(Provided records)
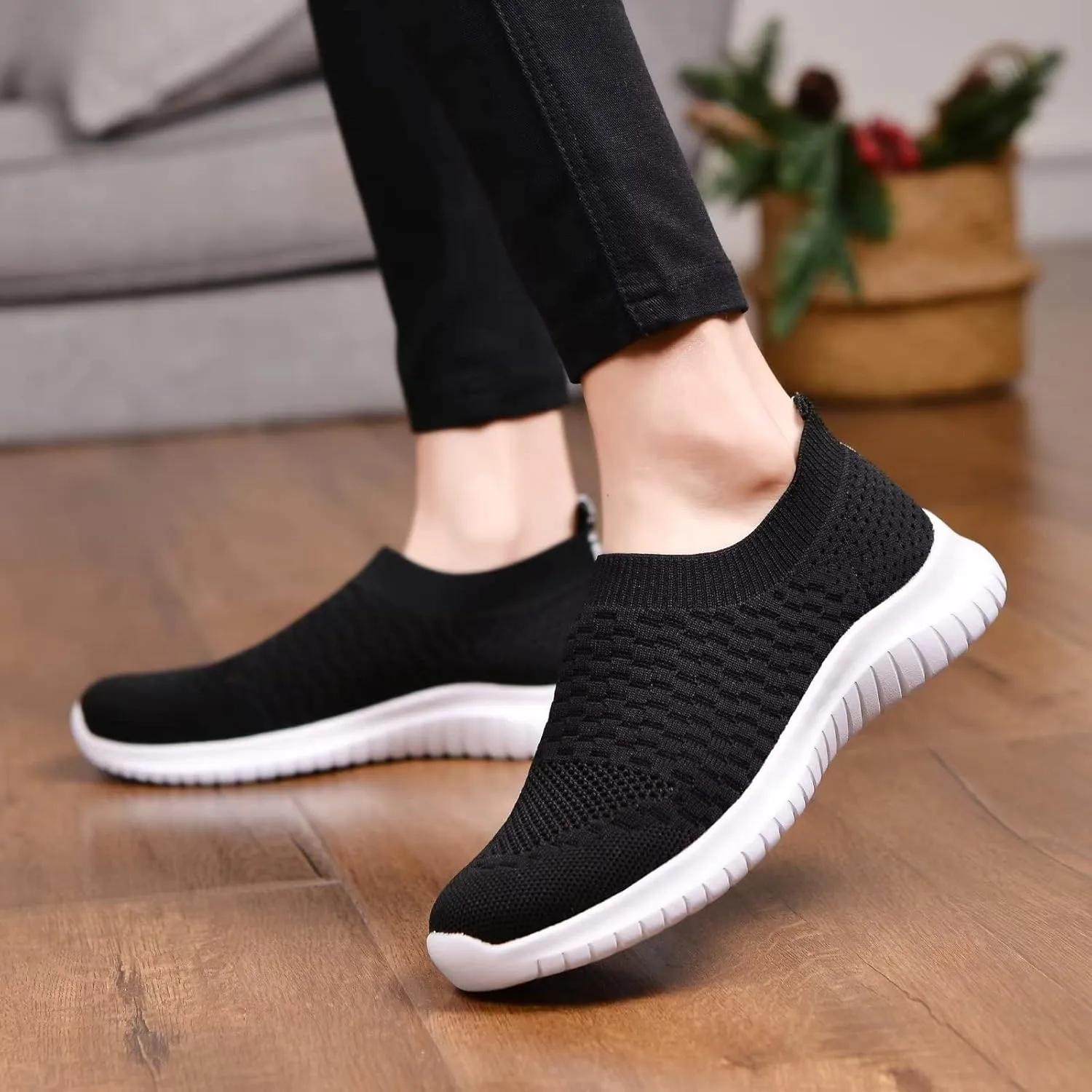 TIOSEBON Women's Athletic Walking Shoes Slip On Casual Mesh-Comfortable Tennis Workout Sneakers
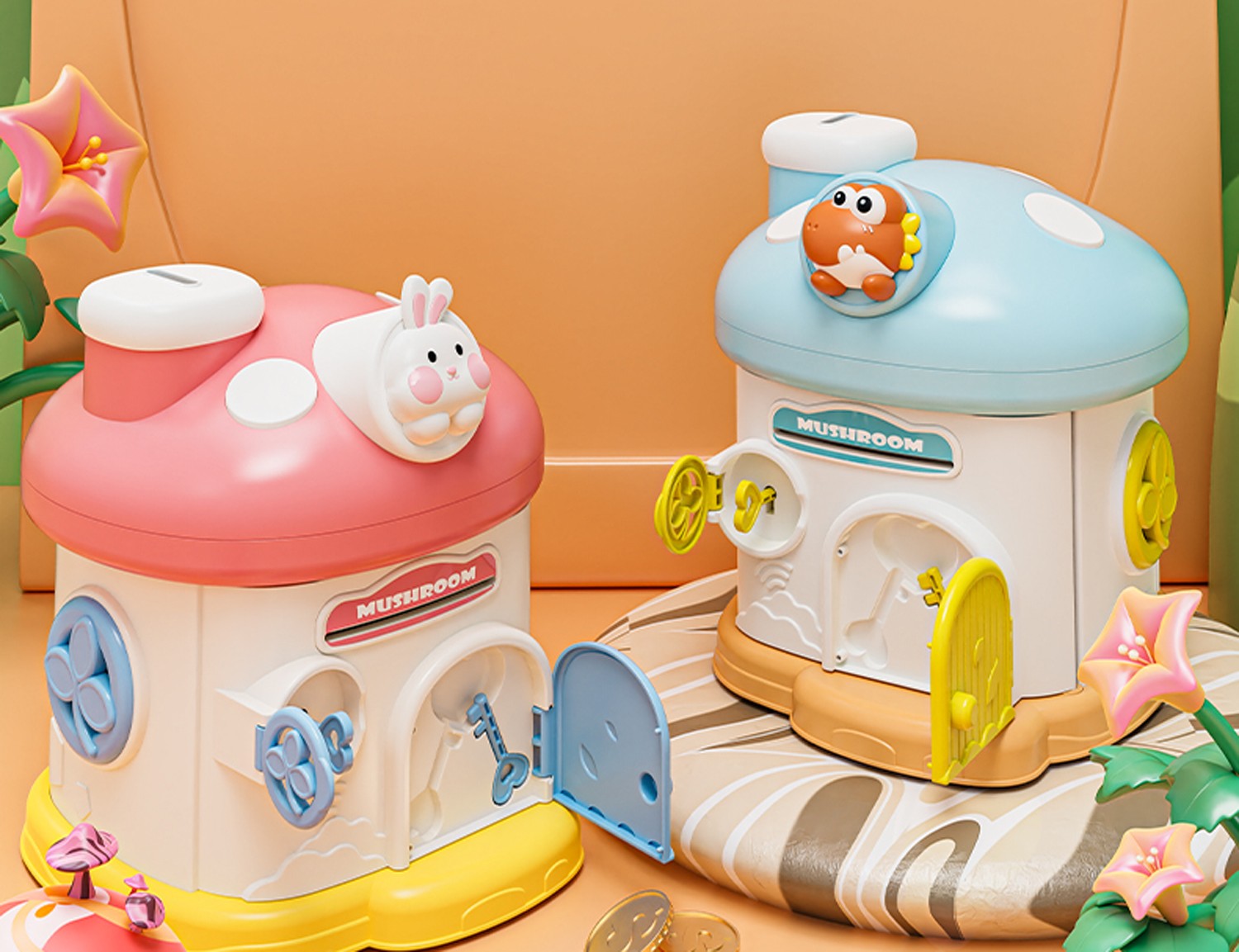 Whimsical Mushroom Piggy Bank Variation Listing with Secure Lock and Keys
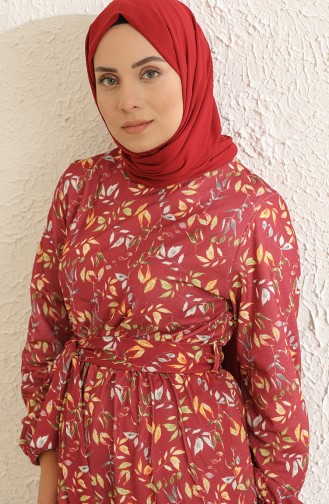 Robe a Motifs 3801B-01 Bordeaux 3801B-01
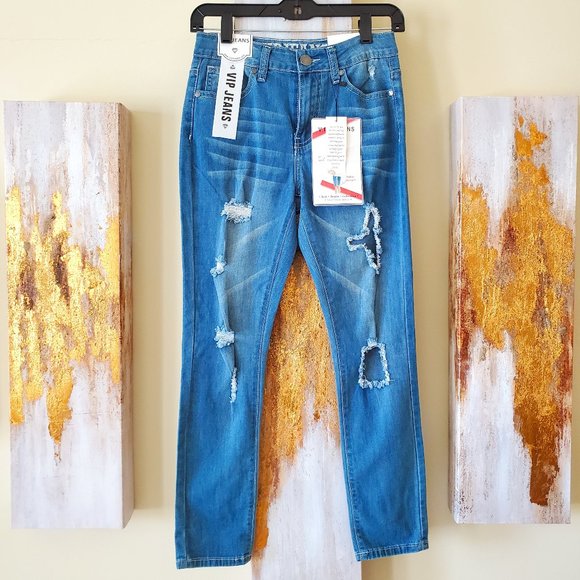 VIP Women's Light Blue Distressed Ankle Length Hi Rise Denim Jean SZ 1/25 - Picture 1 of 8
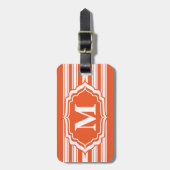 Dicke Monogramm mit Orange Streifen Gepäckanhänger (Vorderseite vertikal)
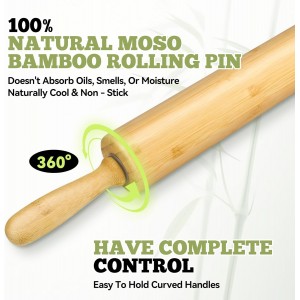 17.5 inch Wooden Rolling Pin for Baking - Long Dough Roller for All Baking Needs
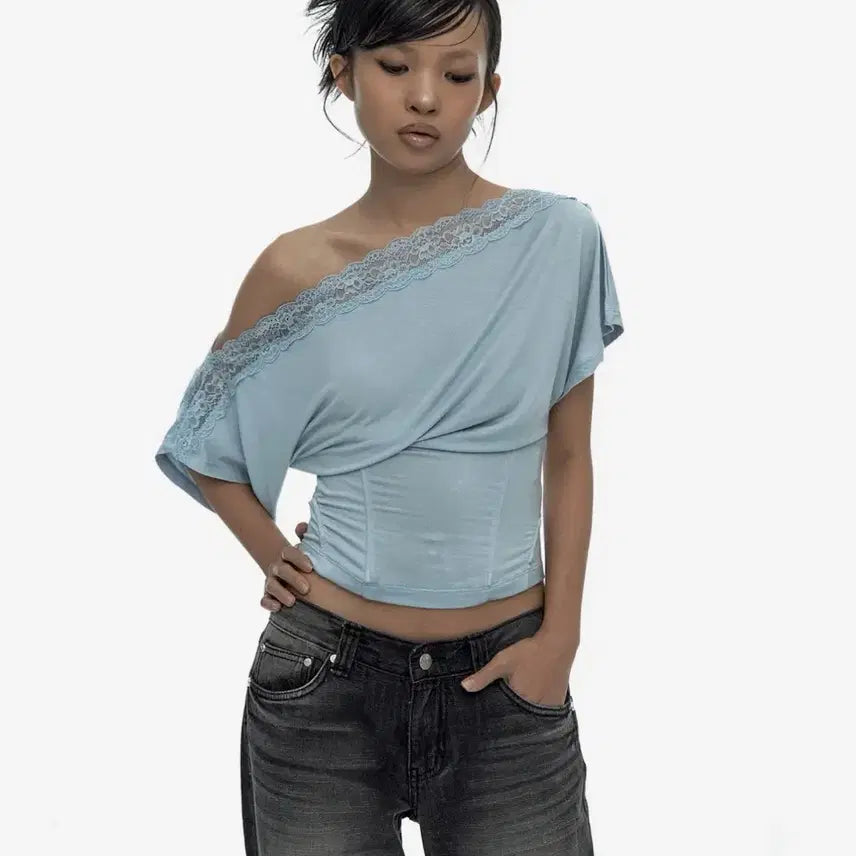 [BUNJANG] Kashiko One-Shoulder Corset Tee Sky Blue M / 새상품 카시코 원숄더 코르셋티 스카이블루M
(End Provided records)
:: What the exercise asks ::
Please, leaving out all pictures, transcribe exactly the lines above from the one containing "Whimsical Mushroom Piggy" through the final line, both included.

:: Task solution ::
 Whimsical Mushroom Piggy Bank Variation Listing with Secure Lock and Keys
 Robe a Motifs 3801B-01 Bordeaux 3801B-01
 VIP Women's Light Blue Distressed Ankle Length Hi Rise Denim Jean SZ 1/25 - Picture 1 of 8
 Dicke Monogramm mit Orange Streifen Gepäckanhänger (Vorderseite vertikal)
 17.5 inch Wooden Rolling Pin for Baking - Long Dough Roller for All Baking Needs
 [BUNJANG] Kashiko One-Shoulder Corset Tee Sky Blue M / 새상품 카시코 원숄더 코르셋티 스카이블루M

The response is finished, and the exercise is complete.